## About this exercise:
In the entries that follow, the lines from the line containing "2493 Poinciana Dr, Weston FL 33327" up to and including the line containing "2004 Dodge Viper 69" must be copied exactly, with pictures omitted.

## Records to process:
-*-

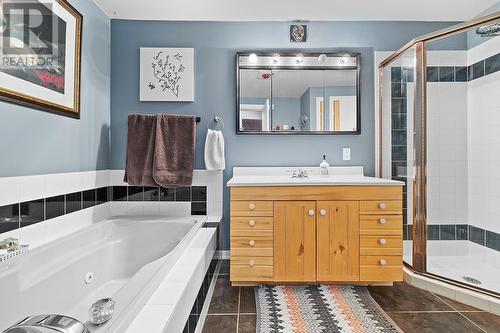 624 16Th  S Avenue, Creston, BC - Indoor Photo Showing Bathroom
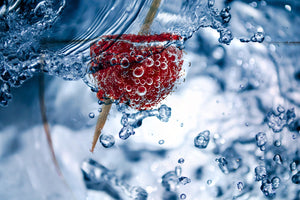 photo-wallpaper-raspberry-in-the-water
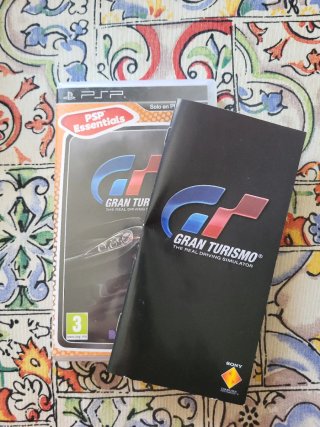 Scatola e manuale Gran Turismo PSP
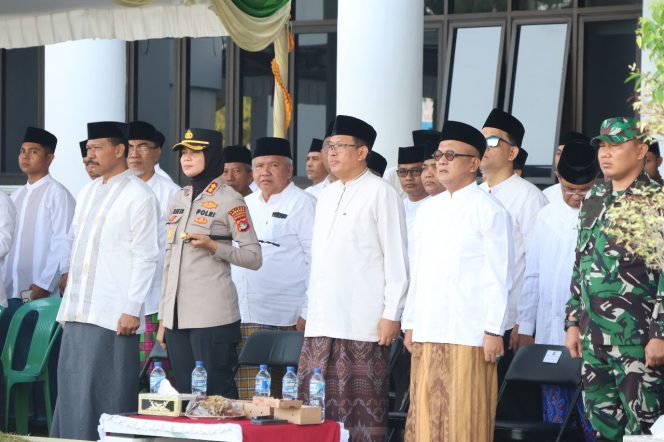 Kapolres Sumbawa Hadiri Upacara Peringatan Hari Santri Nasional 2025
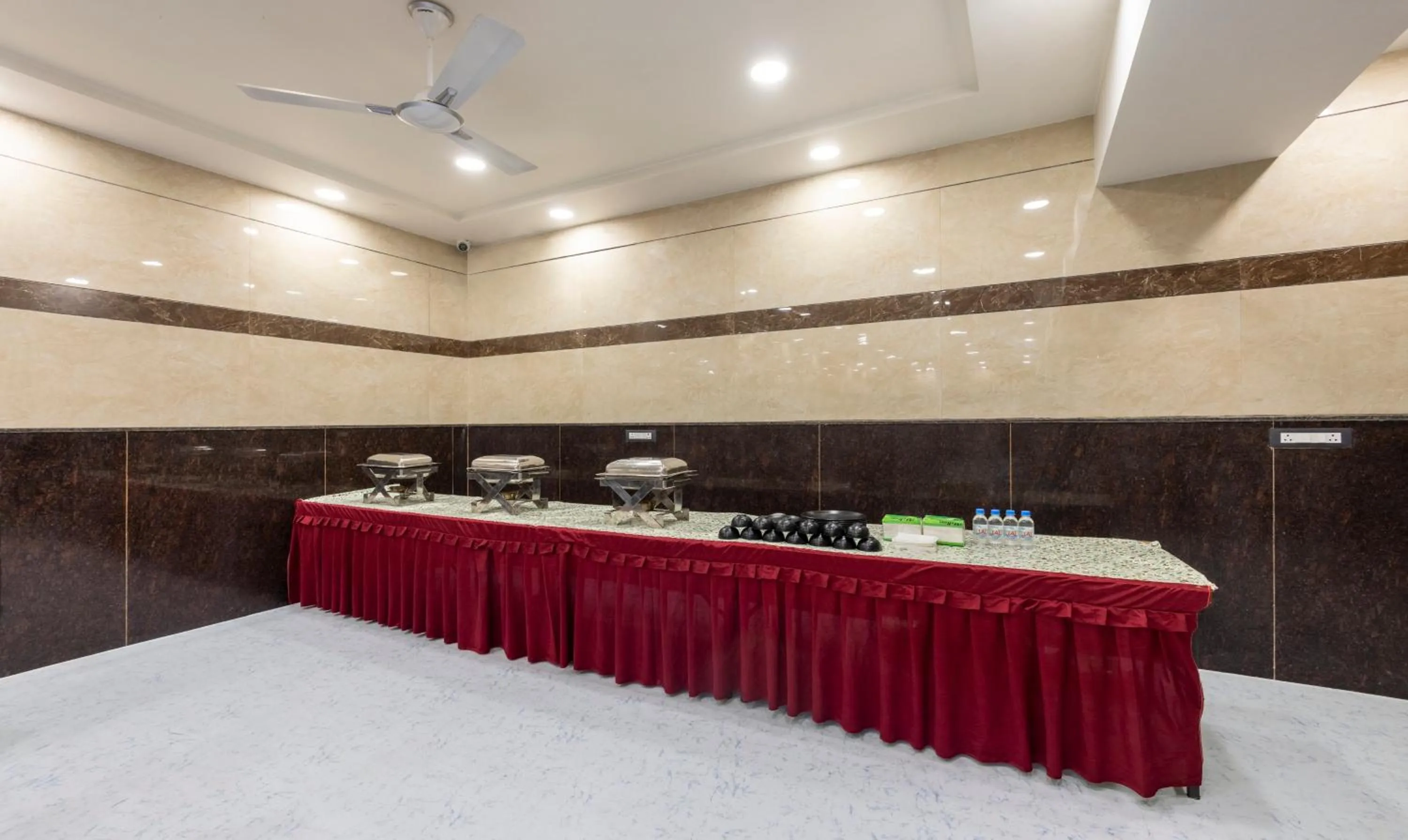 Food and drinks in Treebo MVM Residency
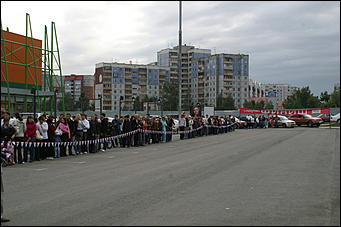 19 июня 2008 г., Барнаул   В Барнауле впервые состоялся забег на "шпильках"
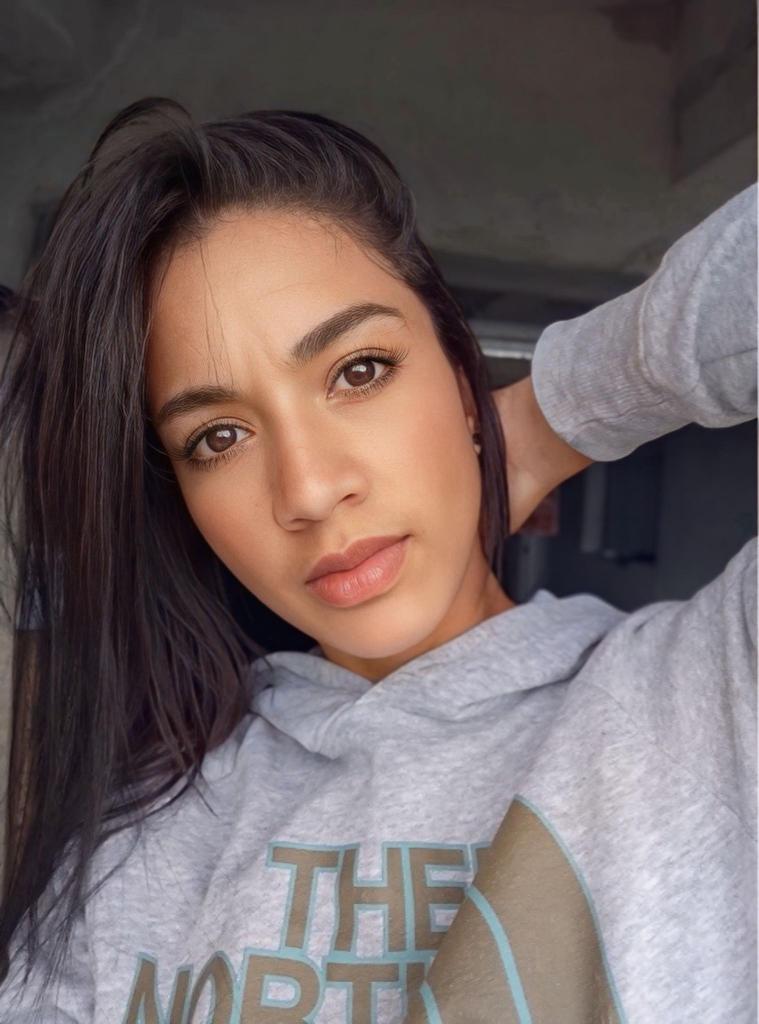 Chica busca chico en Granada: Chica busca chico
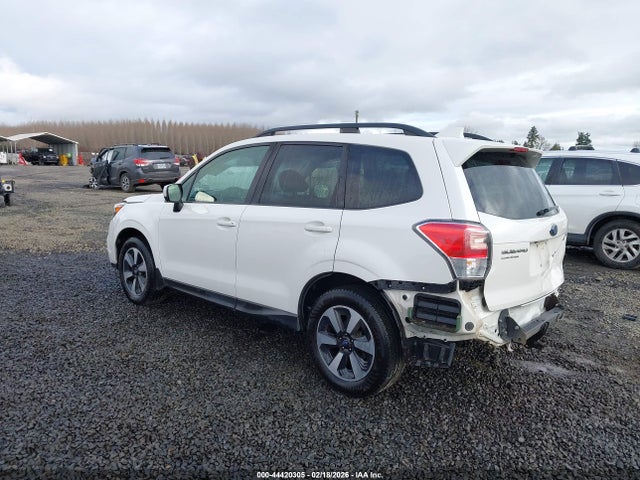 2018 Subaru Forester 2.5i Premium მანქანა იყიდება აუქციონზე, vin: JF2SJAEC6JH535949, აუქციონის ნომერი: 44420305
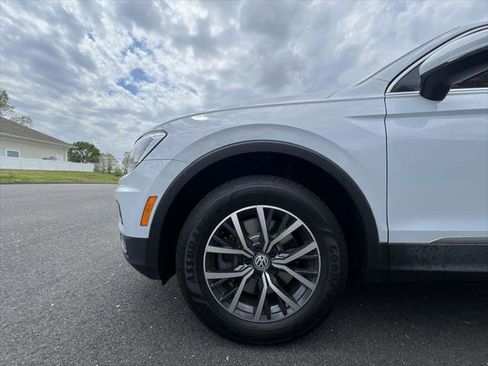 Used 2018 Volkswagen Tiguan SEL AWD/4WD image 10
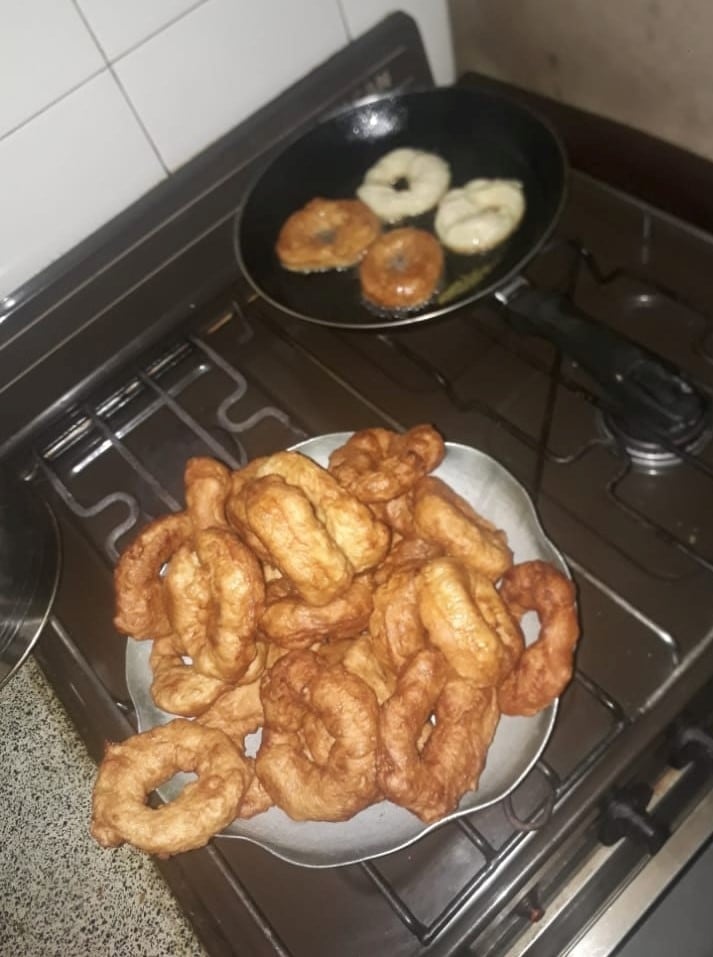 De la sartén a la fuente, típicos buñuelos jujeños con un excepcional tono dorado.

-*-

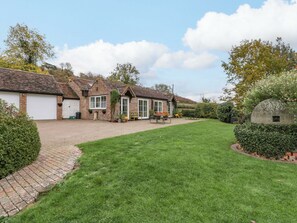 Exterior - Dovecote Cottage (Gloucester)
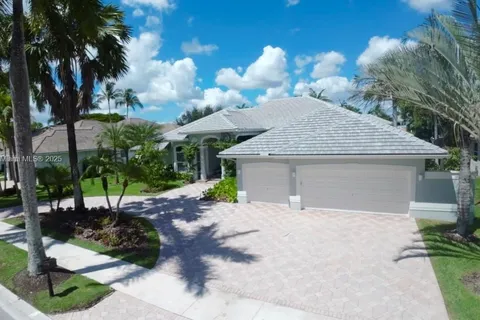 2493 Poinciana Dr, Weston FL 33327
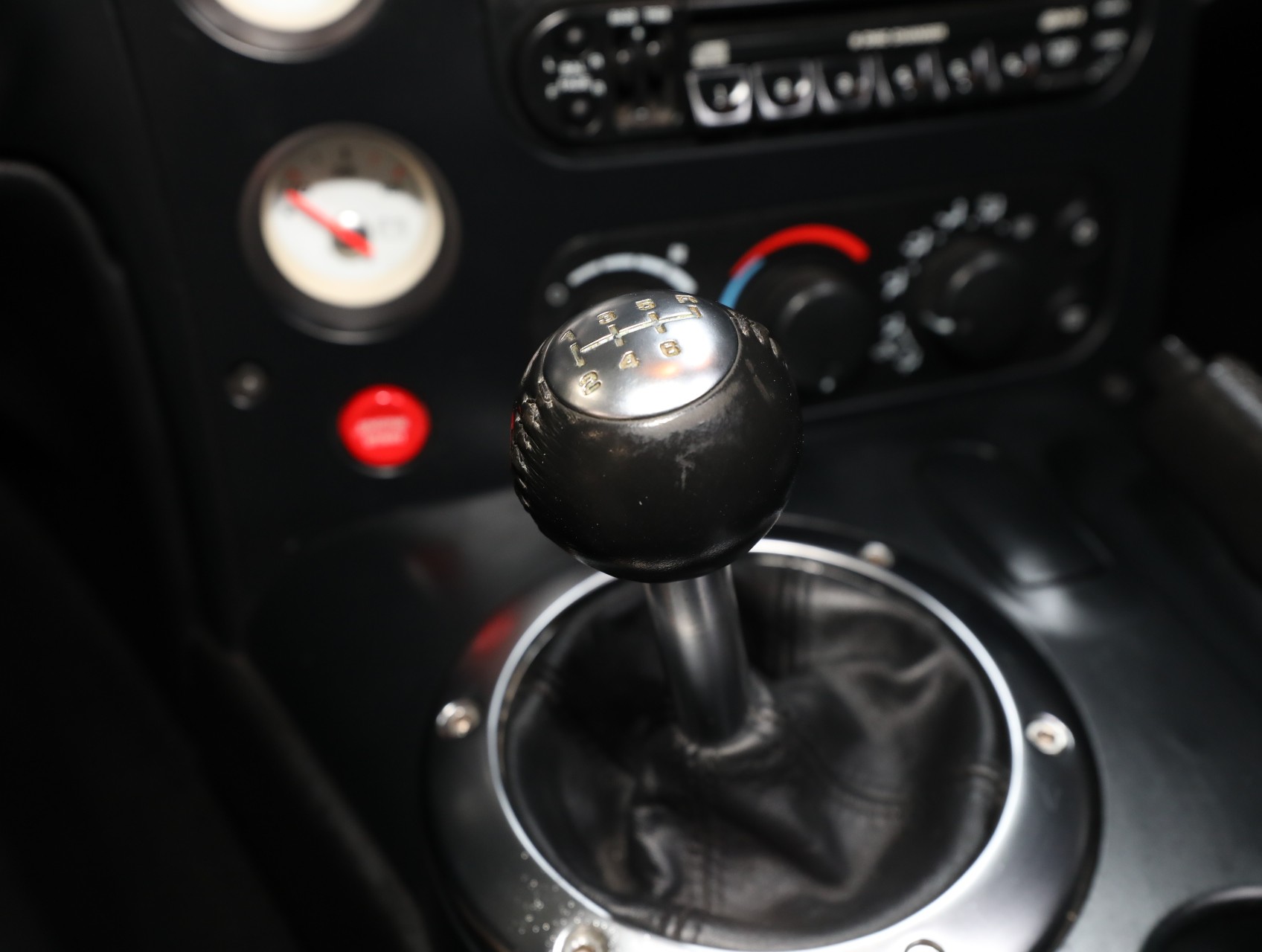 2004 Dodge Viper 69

-*-

## Written reply:
 2493 Poinciana Dr, Weston FL 33327
 2004 Dodge Viper 69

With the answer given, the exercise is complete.